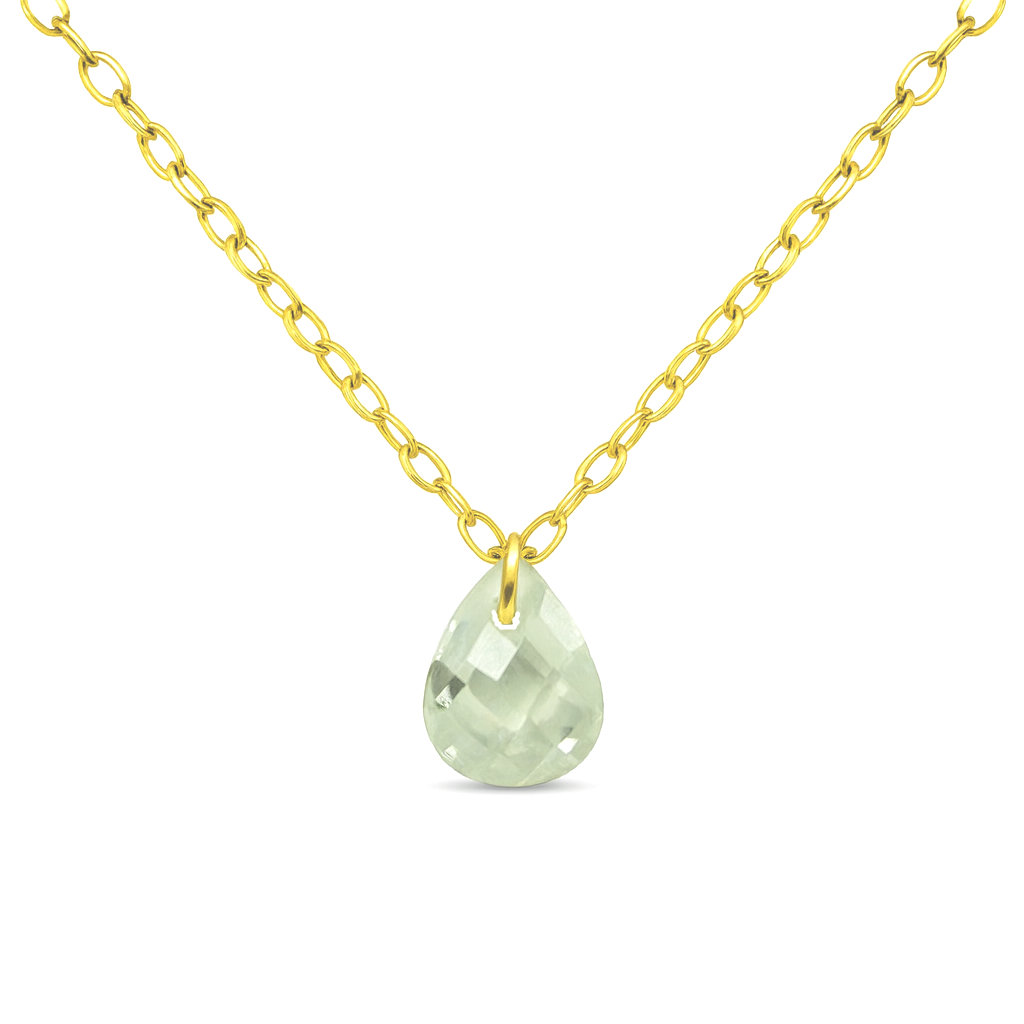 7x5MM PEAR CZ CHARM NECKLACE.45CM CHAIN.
::::
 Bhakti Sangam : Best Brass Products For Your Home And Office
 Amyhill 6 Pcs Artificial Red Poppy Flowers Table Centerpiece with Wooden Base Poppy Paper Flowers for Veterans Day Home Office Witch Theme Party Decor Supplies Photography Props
::::
→ **What you are asked to do**
Search the data for "Home" and list every line in which it occurs.

→ **Output of the exercise**
 Bhakti Sangam : Best Brass Products For Your Home And Office
 Amyhill 6 Pcs Artificial Red Poppy Flowers Table Centerpiece with Wooden Base Poppy Paper Flowers for Veterans Day Home Office Witch Theme Party Decor Supplies Photography Props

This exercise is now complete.